BY 2008, HARRIETT BALL ENTERPRISES INC., the corporate identity of the gravelly-voiced educator who saved Levin and Feinberg from classroom disaster, had trained teachers in Georgia, New York, Indiana, Illinois, Nevada, Arizona, Louisiana, Mississippi, Ohio, Oregon, Kentucky, California, South Carolina, Florida, Missouri, Kansas, Michigan, and of course Texas.
Ball’s clients often asked her to come back. What she called her “total body participation” approach to teaching elementary school students captivated principals and gave teachers a good physical workout while they learned the rhythms. Her Web site, harriettball.com, translated her chants and games and workbooks into the technical language that educational consultants like her needed to be taken seriously. The Web site discussed “multi-sensory teaching” and cited the work of the Harvard educational psychologist Howard Gardner, particularly his view of the importance of tactile-kinesthetic intelligence. Ball’s mnemonic technique, her Web site said, “builds long-term memory and boosts the ability to easily transfer to higher level thinking.” The Web site said, “Our Mission: Leave NO teacher OR child behind. Now the Ball is in your court. What are you going to do with it?”
Ball reminded Web site visitors that “her teaching style is divinely designed for those who are not mathematically inclined and/or learning challenged in any basic subject area.” Ball explained to her trainees: “Math is abstract, full of rules. And the rules have rules, the kids don’t know what they mean. So the kids become frustrated, and they give up. I will take what they are already familiar with, something concrete. I notice the radio plays songs over and over. You might hate the words to them, but you still remember them.”
Academic experts confirmed she was on the right track. Patricia Campbell, an associate professor of mathematics education at the University of Maryland, said students needed to understand multiplication and know when to use it to be proficient in math. But if students didn’t remember their facts, it was harder to be proficient. A 2007 study by Accurate Learning Systems Corp. suggested that less than one in five American fifth graders knew their multiplication tables. Campbell said one of the keys to methods like Ball’s was that “the children like it, and therefore they do it, and they practice it.”
Ball had an impressive home in an affluent suburb north of Houston. She had many friends and a strong connection to her former apprentices, Levin and Feinberg. She was a regular presence at KIPP training sessions and the summer summit. Despite that success, she missed her students. In 2007 she cut back on travel and drew up plans for her own charter school. She picked out a low-income neighborhood of north Houston called Acres Homes. The school she envisioned would cover grades two to five and have a teacher-training institute so that she could invite other educators to see how it ought to be done.

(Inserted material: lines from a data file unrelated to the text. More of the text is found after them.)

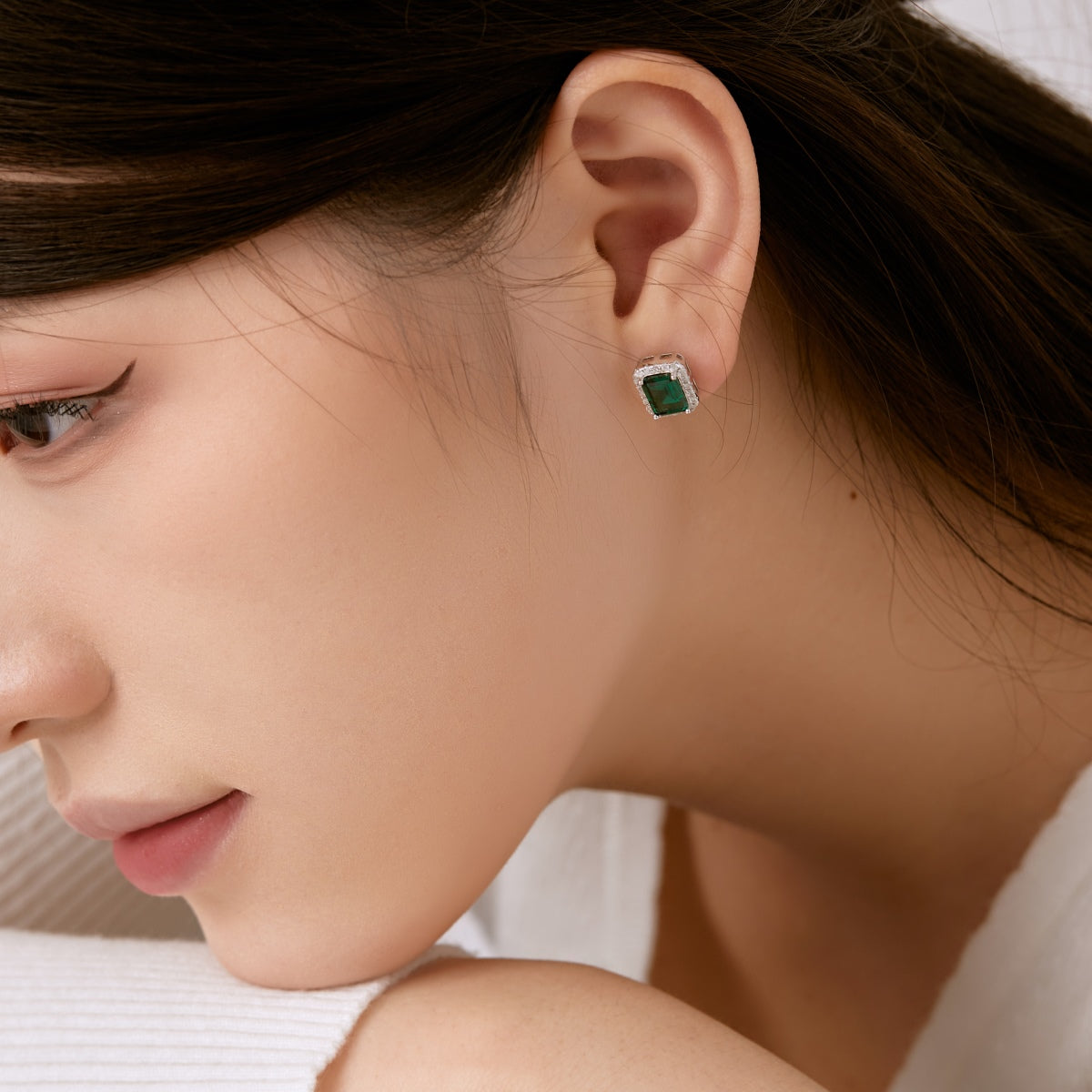 [Polaidi Jewelry]Luxurious Dainty Emerald Cut Banquet Earrings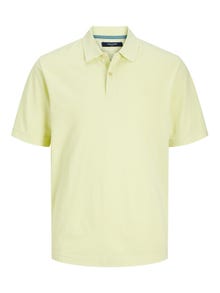 Jack & Jones Effen Polo T-shirt -Pale Lime Yellow - 12257315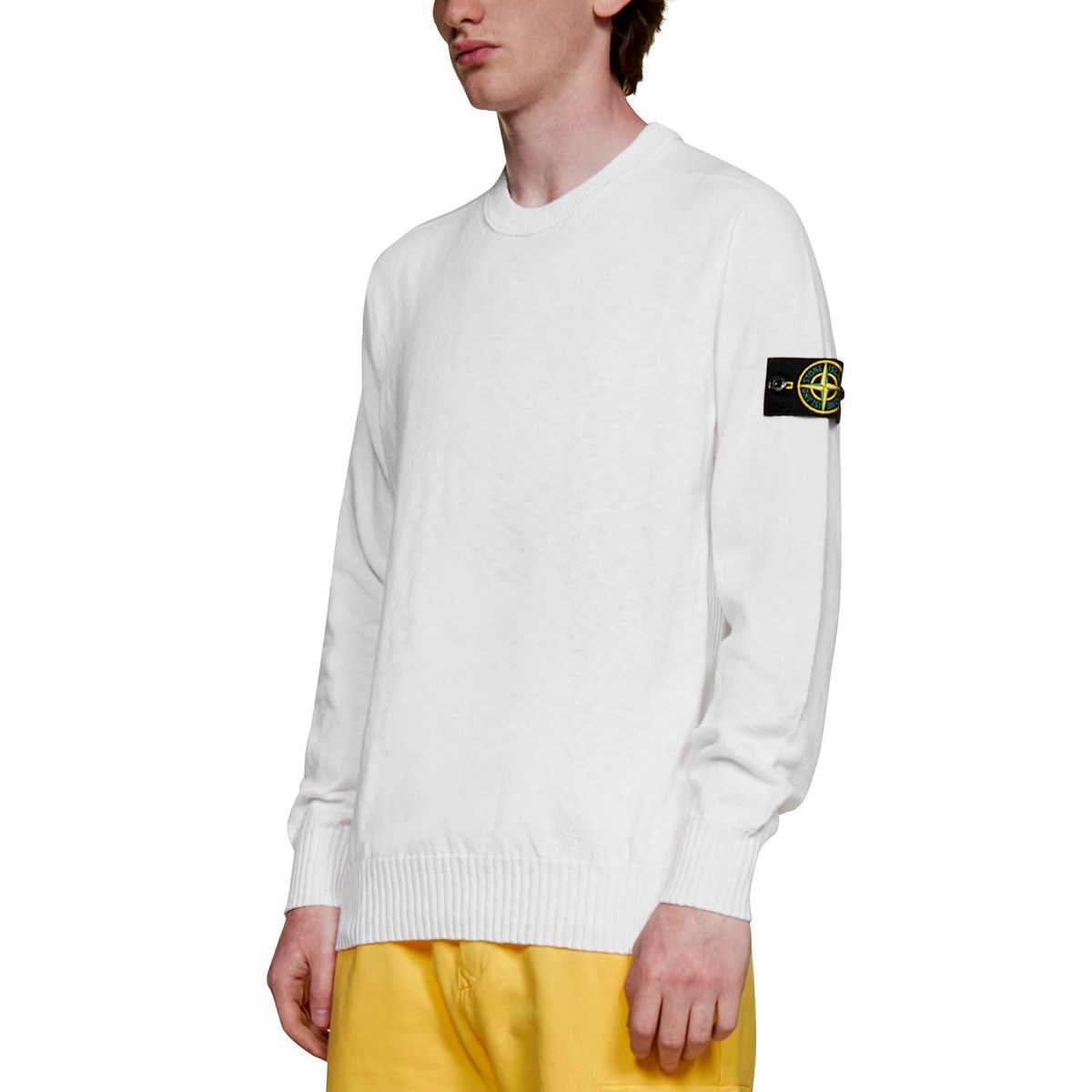 12 STONE ISLAND ストーンアイランド 7615524B0 V0001 ホワイト サマー 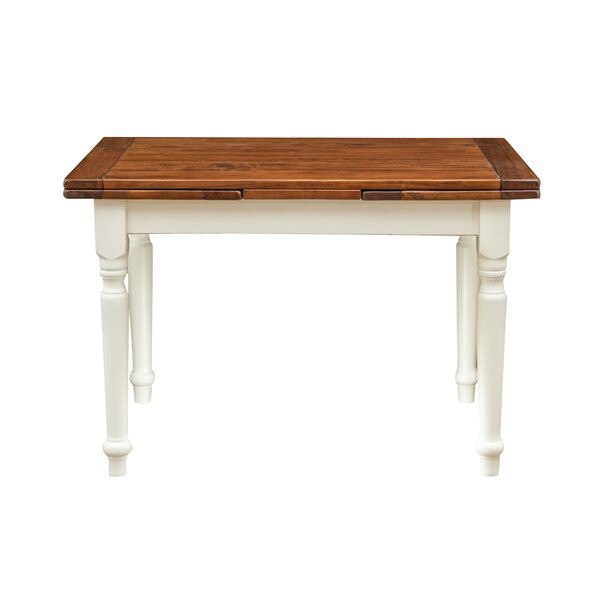 Masa extensibila - alb/nuc, Mobila lemn masiv, TUSCAN FURNITURE, Lemn masiv,120(210) X 80 X 80 cm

She planned to start with thirty students per grade and take it from there. She had a pinched nerve in her right leg. If she had to walk long distances, she used a wheelchair. But that, she said, was fine. “Just get me in the building,” she told a friend. “They want what’s in my head, and I can teach without my legs.”
BY 2008, RAFE ESQUITH was the most interesting and influential public school classroom teacher in the country. He had become a best-selling author. His first book, There Are No Shortcuts, a short autobiography, had done well. His second book, Teach Like Your Hair’s On Fire: The Methods and Madness inside Room 56, was a sensation. He was on several best-selling lists, was being translated into foreign languages, and was speaking constantly. Yet he still arrived at Hobart each morning at 6:30 a.m. He often found several students waiting for him and his early morning thinking-skills class. He remained until dinnertime and was often in room 56 on weekends, vacations, and holidays, helping former students study for the SAT and prepare their college applications.
During one ordinary day in early 2006, there were forty students in room 56, including several alumni who had come to visit. Esquith’s fifth graders rehearsed Shakespeare, practiced music, read and discussed parts of To Kill a Mockingbird, and played a game called buzz. The class counted to one hundred, with Esquith pointing to students in turn. If the next number was a prime number, the student had to say “buzz” instead.
As in previous years, he taught his class how to play baseball, with step-by-step precision and practice as if he were teaching them how to defuse a bomb. He ran the Young Authors project, in which each student over the course of a year wrote a book. He continued to have his students learn the surprising rules of finance by running an entire economic system in the class, with paychecks, rents, and many other real-world complications.
His relationships with Levin and Feinberg had had their ups and downs. He saw imperfections in KIPP. But he also welcomed KIPP classes and teachers who wanted to see the Hobart Shakespeareans. He seemed proud that his two disciples had gone so far.
His wife, Barbara, set him straight on his more outlandish decisions. Her four children did the same. One of them, a physician named Caryn, told him that a class he had just proudly demonstrated for her “may be the worst science lesson I have ever seen.” So he found a way to get lab equipment suitable for ten-year-olds and brought the science class up to her standards. He always looked for ways to improve. He frequently puzzled people who found it hard to relate to such overwhelming dedication, but it worked for him and for his students.